--- Data for this exercise ---
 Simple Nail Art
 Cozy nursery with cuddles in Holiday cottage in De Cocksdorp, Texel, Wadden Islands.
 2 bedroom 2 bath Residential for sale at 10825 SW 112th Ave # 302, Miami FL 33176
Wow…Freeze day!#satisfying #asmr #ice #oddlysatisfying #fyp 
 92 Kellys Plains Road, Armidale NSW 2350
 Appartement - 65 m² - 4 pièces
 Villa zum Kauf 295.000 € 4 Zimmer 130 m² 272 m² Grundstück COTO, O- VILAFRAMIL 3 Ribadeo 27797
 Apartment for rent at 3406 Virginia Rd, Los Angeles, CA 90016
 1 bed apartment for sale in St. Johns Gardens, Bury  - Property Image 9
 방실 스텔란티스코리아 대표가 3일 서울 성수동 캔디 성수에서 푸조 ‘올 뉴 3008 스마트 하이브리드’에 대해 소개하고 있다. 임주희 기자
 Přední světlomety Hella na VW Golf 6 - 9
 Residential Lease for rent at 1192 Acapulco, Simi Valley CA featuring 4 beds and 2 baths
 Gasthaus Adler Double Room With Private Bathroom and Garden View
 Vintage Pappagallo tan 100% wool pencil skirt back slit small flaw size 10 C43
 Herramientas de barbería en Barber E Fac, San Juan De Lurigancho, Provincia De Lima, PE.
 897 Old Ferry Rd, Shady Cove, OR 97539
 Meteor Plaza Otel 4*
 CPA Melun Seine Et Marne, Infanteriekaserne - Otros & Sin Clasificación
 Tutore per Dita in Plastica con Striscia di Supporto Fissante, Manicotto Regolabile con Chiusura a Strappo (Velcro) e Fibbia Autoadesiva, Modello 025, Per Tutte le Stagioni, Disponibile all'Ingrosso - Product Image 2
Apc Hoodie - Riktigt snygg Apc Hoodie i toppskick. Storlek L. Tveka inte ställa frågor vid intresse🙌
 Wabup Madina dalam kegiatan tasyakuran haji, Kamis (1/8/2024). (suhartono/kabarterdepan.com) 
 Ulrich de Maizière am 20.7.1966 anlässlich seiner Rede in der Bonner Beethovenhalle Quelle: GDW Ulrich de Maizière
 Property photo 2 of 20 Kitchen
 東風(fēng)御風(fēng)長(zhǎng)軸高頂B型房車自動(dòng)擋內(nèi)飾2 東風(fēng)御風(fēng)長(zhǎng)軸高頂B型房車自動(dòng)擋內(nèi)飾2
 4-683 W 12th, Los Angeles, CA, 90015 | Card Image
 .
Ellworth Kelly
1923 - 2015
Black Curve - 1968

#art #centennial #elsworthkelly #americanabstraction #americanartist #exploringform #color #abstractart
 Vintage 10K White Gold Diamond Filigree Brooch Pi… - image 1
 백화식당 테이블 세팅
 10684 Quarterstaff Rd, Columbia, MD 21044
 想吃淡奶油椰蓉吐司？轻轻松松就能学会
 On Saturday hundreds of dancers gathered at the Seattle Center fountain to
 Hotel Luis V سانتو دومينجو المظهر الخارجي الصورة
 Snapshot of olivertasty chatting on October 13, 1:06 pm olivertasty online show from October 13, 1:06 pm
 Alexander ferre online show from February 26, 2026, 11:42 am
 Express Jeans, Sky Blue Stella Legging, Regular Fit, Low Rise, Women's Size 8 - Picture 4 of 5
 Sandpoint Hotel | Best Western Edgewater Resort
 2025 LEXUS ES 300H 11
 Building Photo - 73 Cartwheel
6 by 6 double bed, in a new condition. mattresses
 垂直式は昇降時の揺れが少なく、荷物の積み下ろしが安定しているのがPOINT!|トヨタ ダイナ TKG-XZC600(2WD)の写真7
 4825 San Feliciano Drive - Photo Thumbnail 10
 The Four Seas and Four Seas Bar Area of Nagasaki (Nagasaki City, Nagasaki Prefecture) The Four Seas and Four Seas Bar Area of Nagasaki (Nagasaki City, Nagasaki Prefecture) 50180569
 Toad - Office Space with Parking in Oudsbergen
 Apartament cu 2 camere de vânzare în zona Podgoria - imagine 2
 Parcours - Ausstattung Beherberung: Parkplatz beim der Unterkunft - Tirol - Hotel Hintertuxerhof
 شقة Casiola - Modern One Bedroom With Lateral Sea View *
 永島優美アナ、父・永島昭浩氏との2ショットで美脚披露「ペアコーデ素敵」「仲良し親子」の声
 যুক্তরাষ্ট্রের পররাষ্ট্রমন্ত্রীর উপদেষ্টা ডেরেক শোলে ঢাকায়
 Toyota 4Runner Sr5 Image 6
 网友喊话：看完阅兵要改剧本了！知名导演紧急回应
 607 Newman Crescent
---
Prompt: Using the data above, transcribe the lines that run from the line with "Tutore per Dita" to the line with "Wabup Madina dalam", both ends kept, and output nothing else.

Exercise output:
 Tutore per Dita in Plastica con Striscia di Supporto Fissante, Manicotto Regolabile con Chiusura a Strappo (Velcro) e Fibbia Autoadesiva, Modello 025, Per Tutte le Stagioni, Disponibile all'Ingrosso - Product Image 2
Apc Hoodie - Riktigt snygg Apc Hoodie i toppskick. Storlek L. Tveka inte ställa frågor vid intresse🙌
 Wabup Madina dalam kegiatan tasyakuran haji, Kamis (1/8/2024). (suhartono/kabarterdepan.com) 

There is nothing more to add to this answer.